DIRECTIONS FOR THIS TASK
Set each entry down verbatim, omitting images.

■ ■ ■

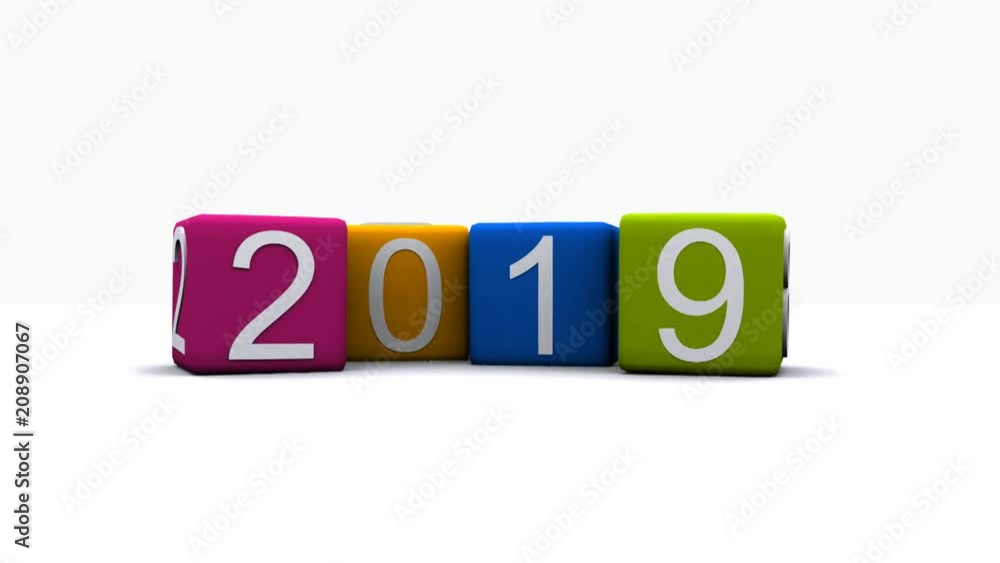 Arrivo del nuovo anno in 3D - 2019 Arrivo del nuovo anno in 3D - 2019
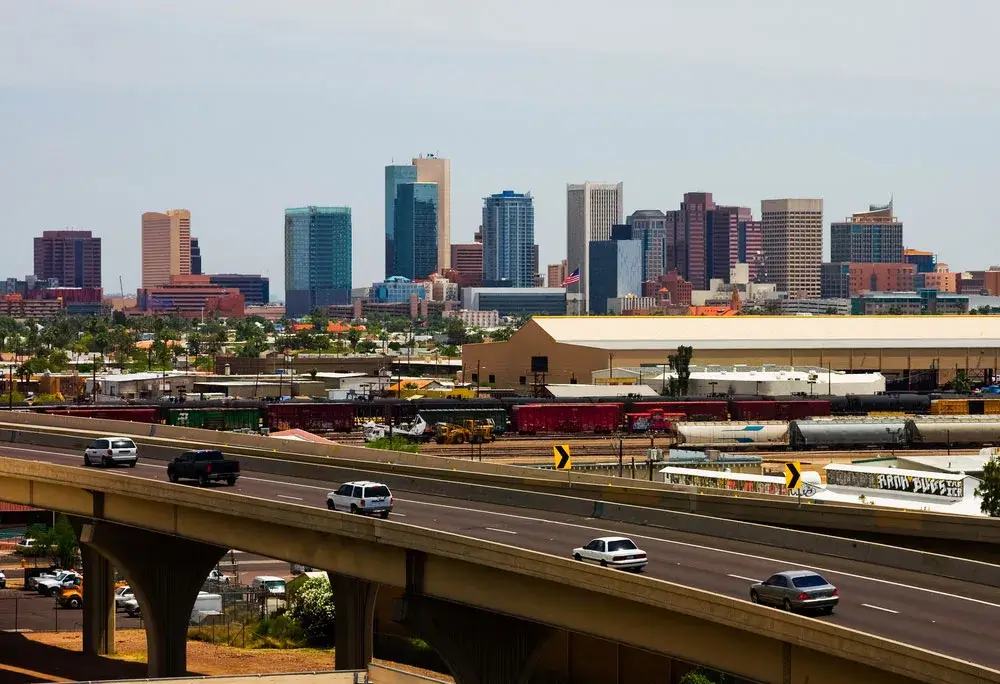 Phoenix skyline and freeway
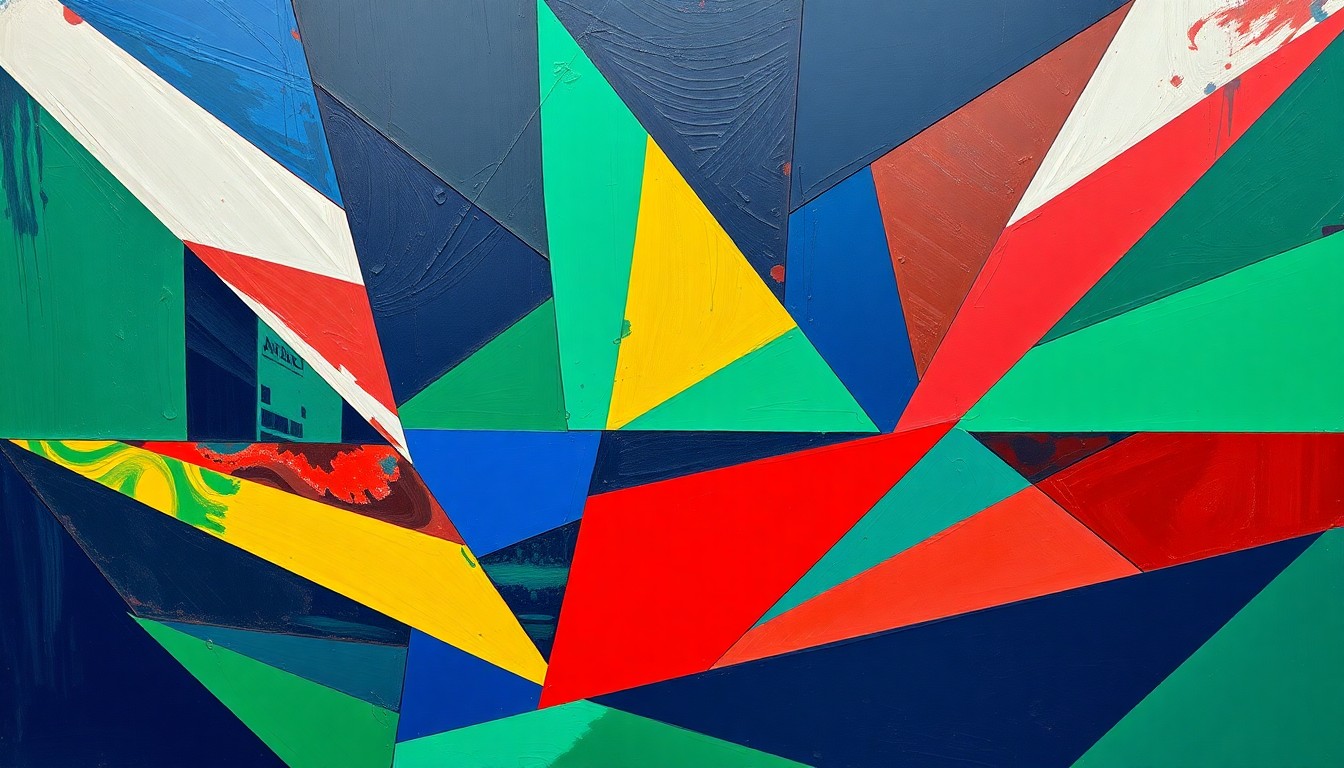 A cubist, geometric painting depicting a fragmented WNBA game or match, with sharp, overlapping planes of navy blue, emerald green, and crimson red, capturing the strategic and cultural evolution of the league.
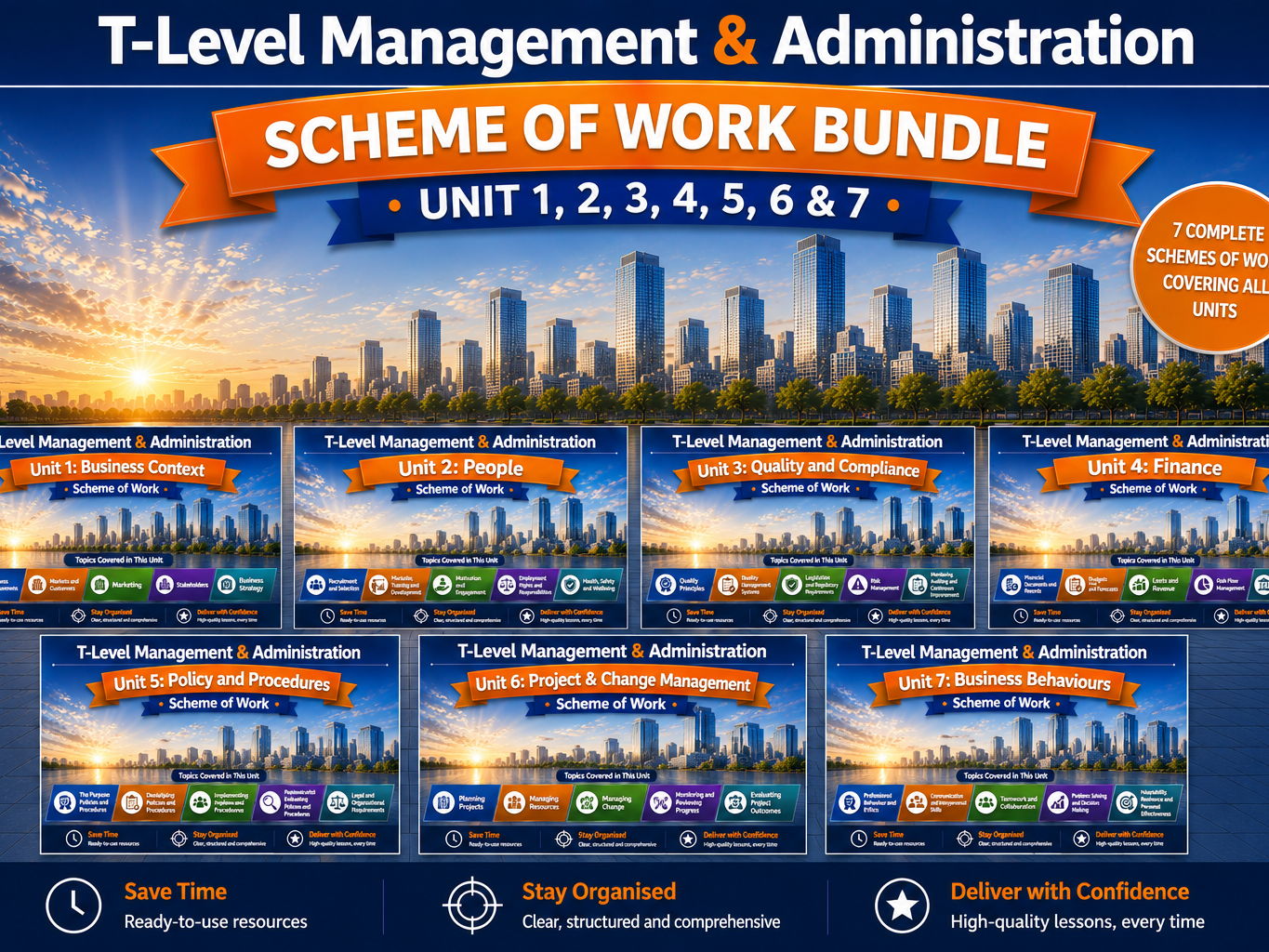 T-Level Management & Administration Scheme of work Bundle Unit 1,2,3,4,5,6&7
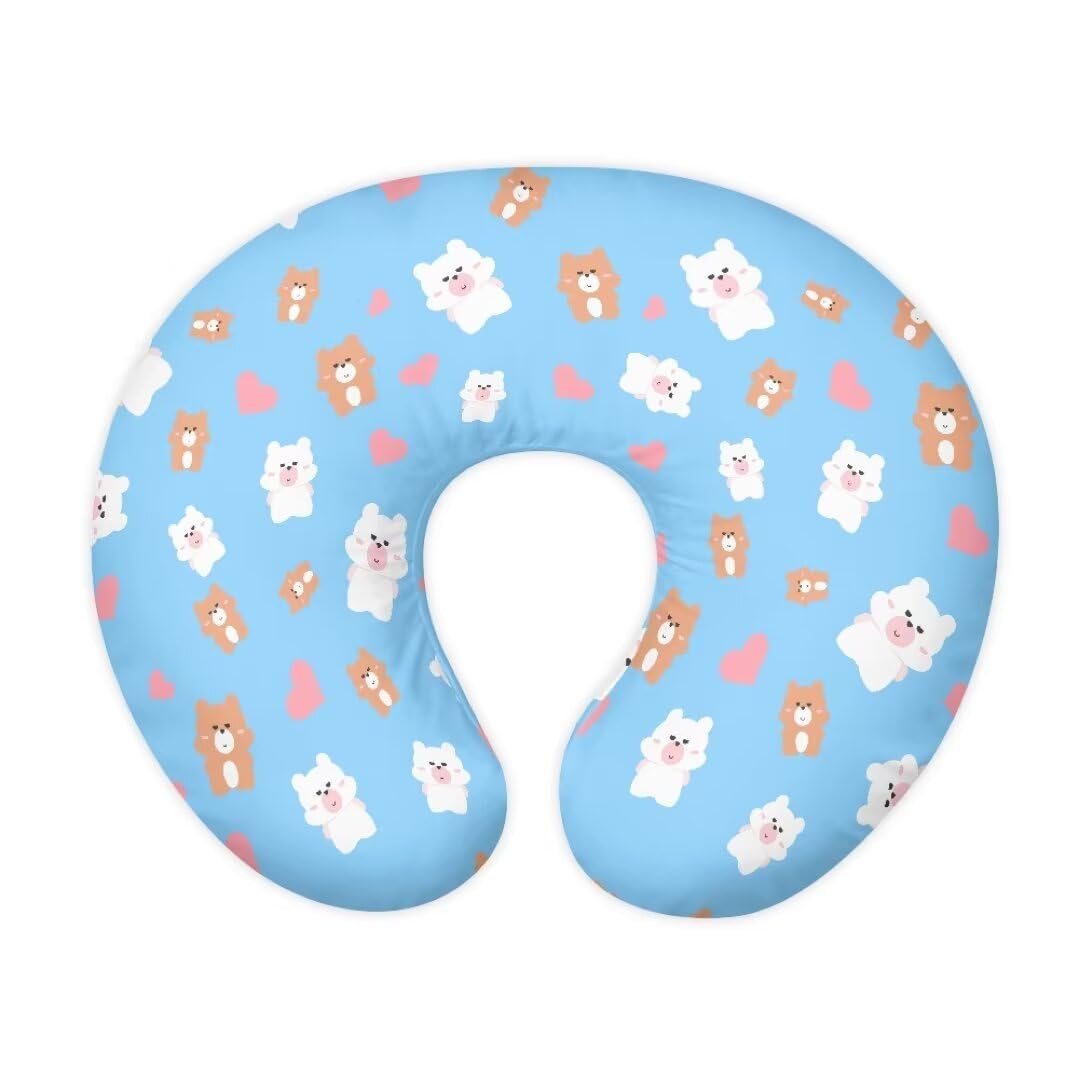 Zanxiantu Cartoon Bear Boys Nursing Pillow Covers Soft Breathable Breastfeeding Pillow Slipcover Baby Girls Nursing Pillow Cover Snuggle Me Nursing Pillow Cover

■ ■ ■

ANSWER FOR THE TASK
 Arrivo del nuovo anno in 3D - 2019 Arrivo del nuovo anno in 3D - 2019
 Phoenix skyline and freeway
 A cubist, geometric painting depicting a fragmented WNBA game or match, with sharp, overlapping planes of navy blue, emerald green, and crimson red, capturing the strategic and cultural evolution of the league.
 T-Level Management & Administration Scheme of work Bundle Unit 1,2,3,4,5,6&7
 Zanxiantu Cartoon Bear Boys Nursing Pillow Covers Soft Breathable Breastfeeding Pillow Slipcover Baby Girls Nursing Pillow Cover Snuggle Me Nursing Pillow Cover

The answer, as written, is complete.